• **EXERCISE DESCRIPTION**:
Could you please reproduce all the records below exactly, leaving out the images?

[DATA]

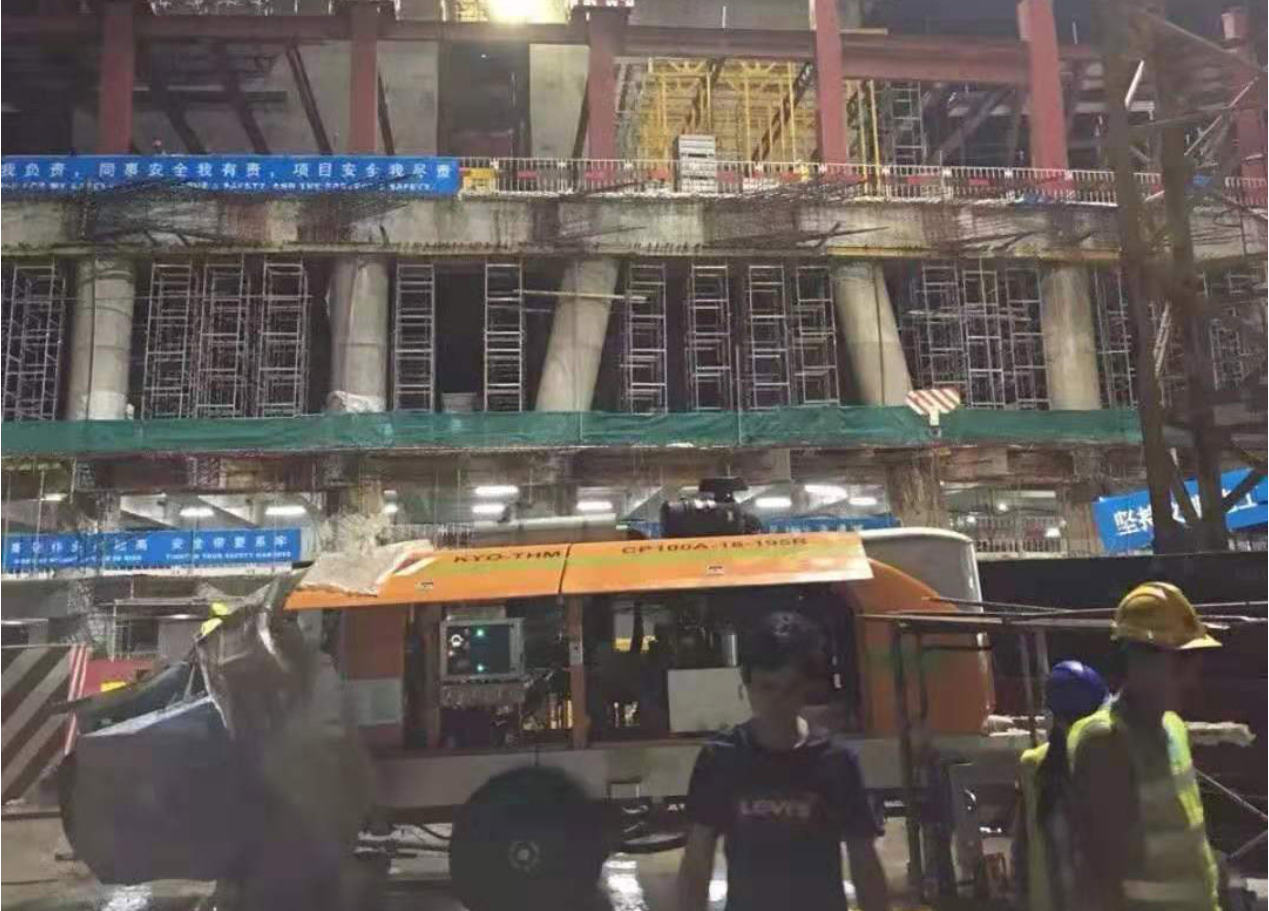 2019年，科瑪森地泵在吉隆坡標志塔99層高建造施工中使用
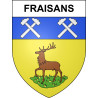 Fraisans Sticker wappen, gelsenkirchen, augsburg, klebender aufkleber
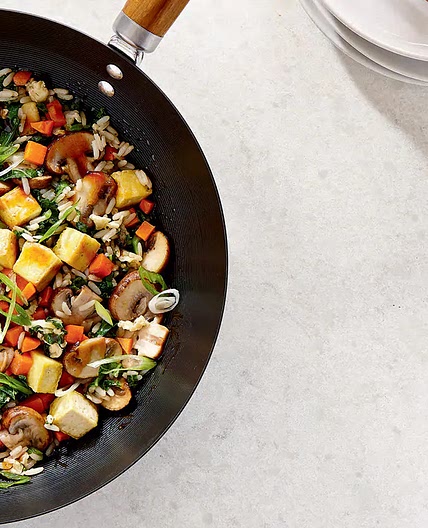 Recette de riz frit au tofu et au kale | Coup de Pouce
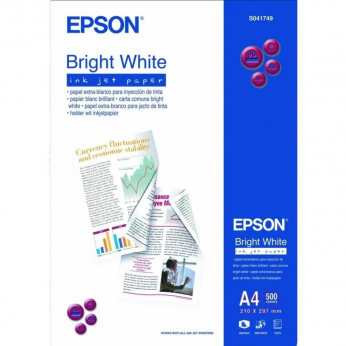 Папір Epson Bright White Ink Jet Paper 90г/м кв, A4, 500арк (C13S041749)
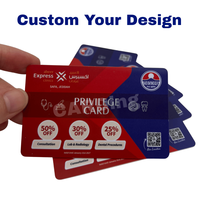 Carte de membre en PVC personnalisée avec logo, estampage à chaud, impression offset et numérotation, vente en gros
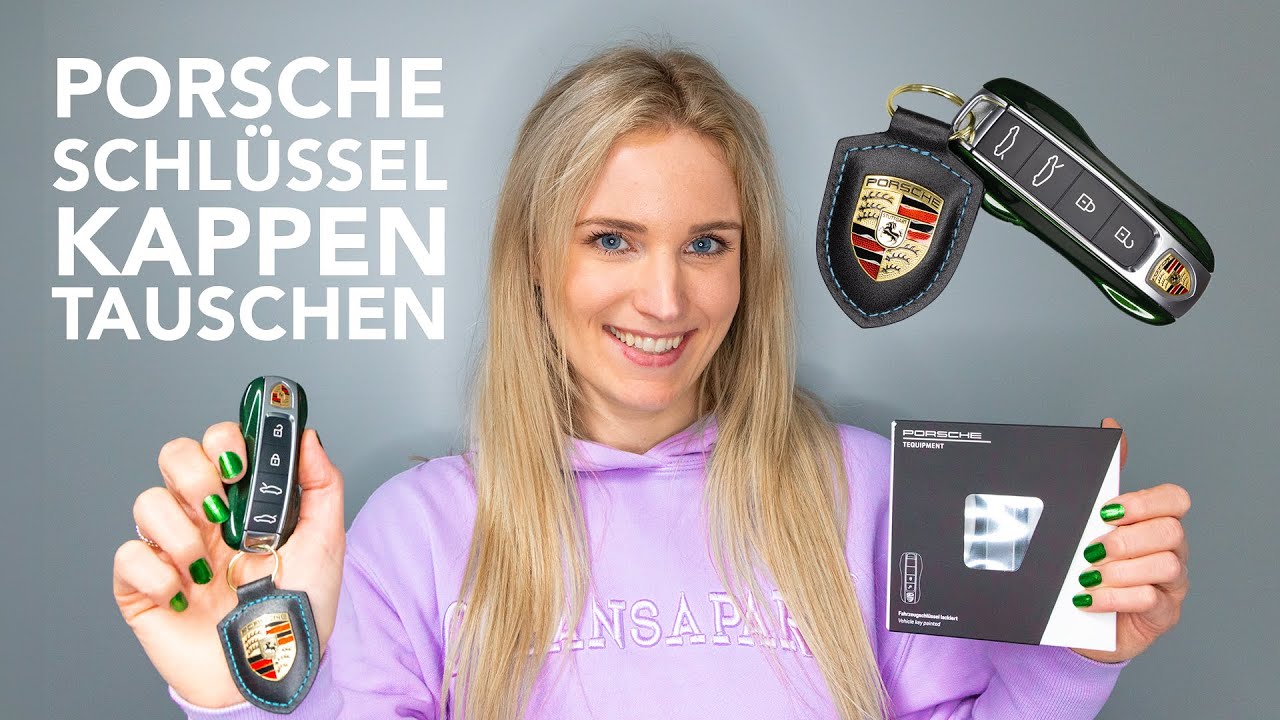 Porsche Schlüsselkappen Seitenwangen tauschen für meinen Taycan & 911 I Tutorial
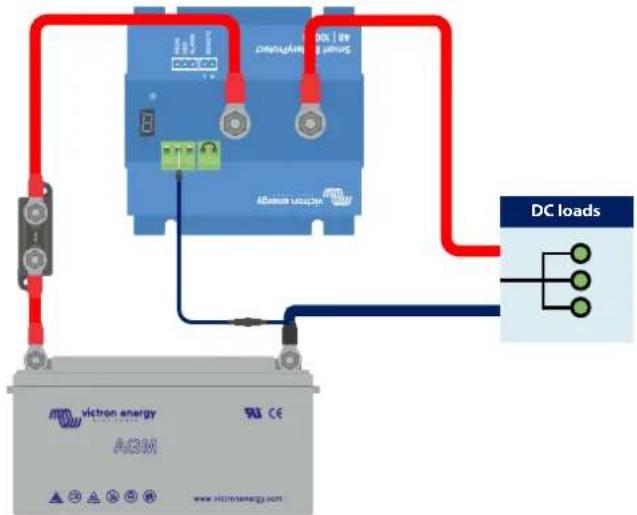 VICTRON ENERGY Smart BatteryProtect 12/24V - Smart BatteryProtect dans un système simple - 1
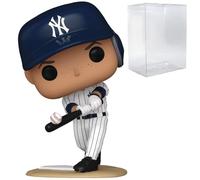 POP MLB : Yankees - Figurine en vinyle Aaron Judge Funko (livrée avec étui de protection compatible), multicolore, 9,5 cm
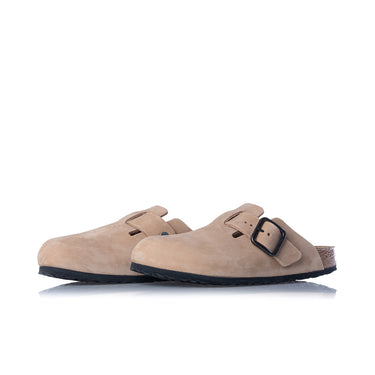 BIRKENSTOCK BOSTON WIRE BUCKLE 1031573 SANDCASTLE MADE IN GERMANY - Shoelosophy
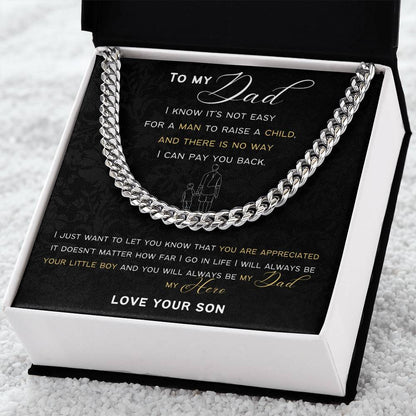 Cuban Link Chain Gift For Dad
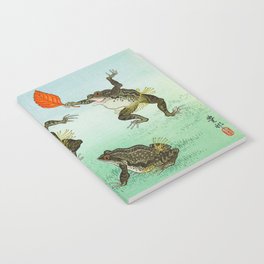 Frogs Wrestling by Ohara Koson Notebook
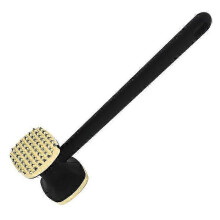 (NO.1-Gold-1Pcs) Meat Tenderizer Tool Dual-Sided Kitchen Steak Hammer Mallet With Comfort Grip Handle Sturdy Meat Mallet Masher For Tenderizing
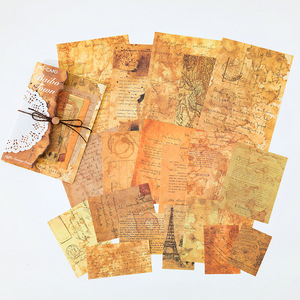 Hàng Mới Về Trang Trí Báo Cổ Điển Dán Album Nhật Ký Cho Nhật Ký Ảnh Alum Notebook - Product Image 2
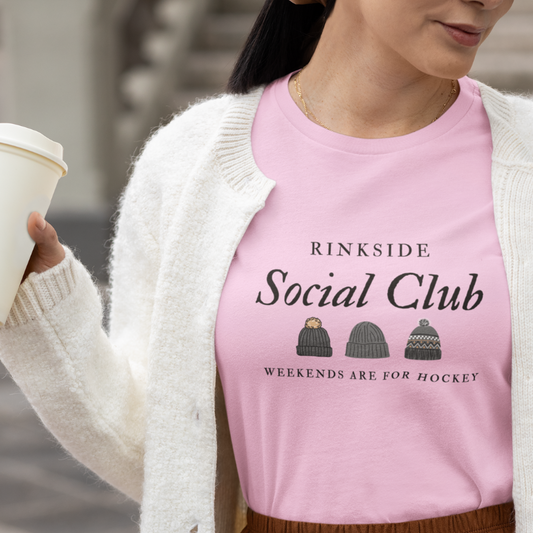 Social Club tee pink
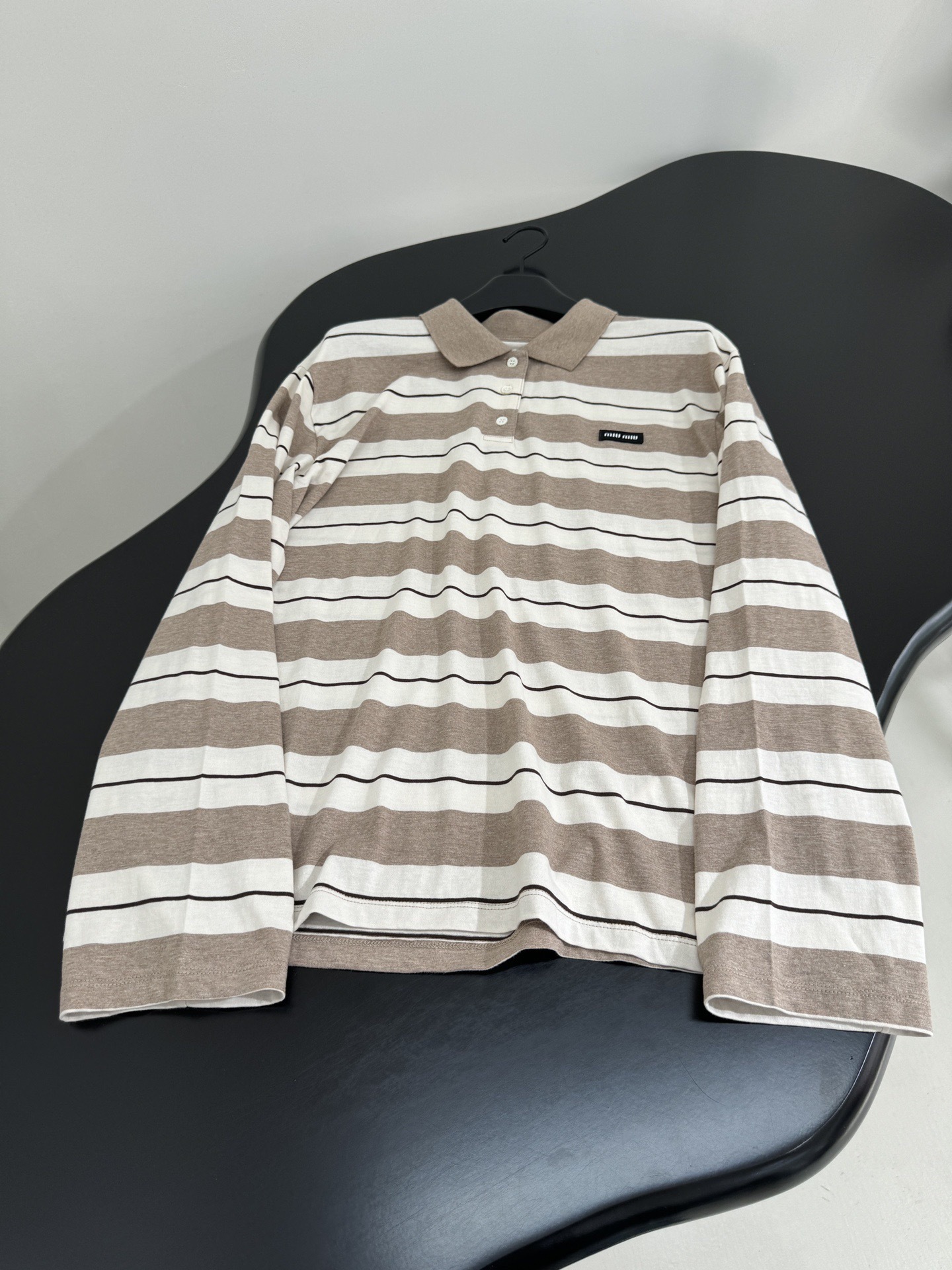 miumiu コットンジャージー ポロシャツ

[/DATA]

• **FINISHED TASK**:
 2019年，科瑪森地泵在吉隆坡標志塔99層高建造施工中使用
 Fraisans Sticker wappen, gelsenkirchen, augsburg, klebender aufkleber
 Recette de riz frit au tofu et au kale | Coup de Pouce
 Папір Epson Bright White Ink Jet Paper 90г/м кв, A4, 500арк (C13S041749)
 Carte de membre en PVC personnalisée avec logo, estampage à chaud, impression offset et numérotation, vente en gros
 Porsche Schlüsselkappen Seitenwangen tauschen für meinen Taycan & 911 I Tutorial
 VICTRON ENERGY Smart BatteryProtect 12/24V - Smart BatteryProtect dans un système simple - 1
 POP MLB : Yankees - Figurine en vinyle Aaron Judge Funko (livrée avec étui de protection compatible), multicolore, 9,5 cm
 BIRKENSTOCK BOSTON WIRE BUCKLE 1031573 SANDCASTLE MADE IN GERMANY - Shoelosophy
 Cuban Link Chain Gift For Dad
 Frogs Wrestling by Ohara Koson Notebook
 (NO.1-Gold-1Pcs) Meat Tenderizer Tool Dual-Sided Kitchen Steak Hammer Mallet With Comfort Grip Handle Sturdy Meat Mallet Masher For Tenderizing
 Hàng Mới Về Trang Trí Báo Cổ Điển Dán Album Nhật Ký Cho Nhật Ký Ảnh Alum Notebook - Product Image 2
 Social Club tee pink
 miumiu コットンジャージー ポロシャツ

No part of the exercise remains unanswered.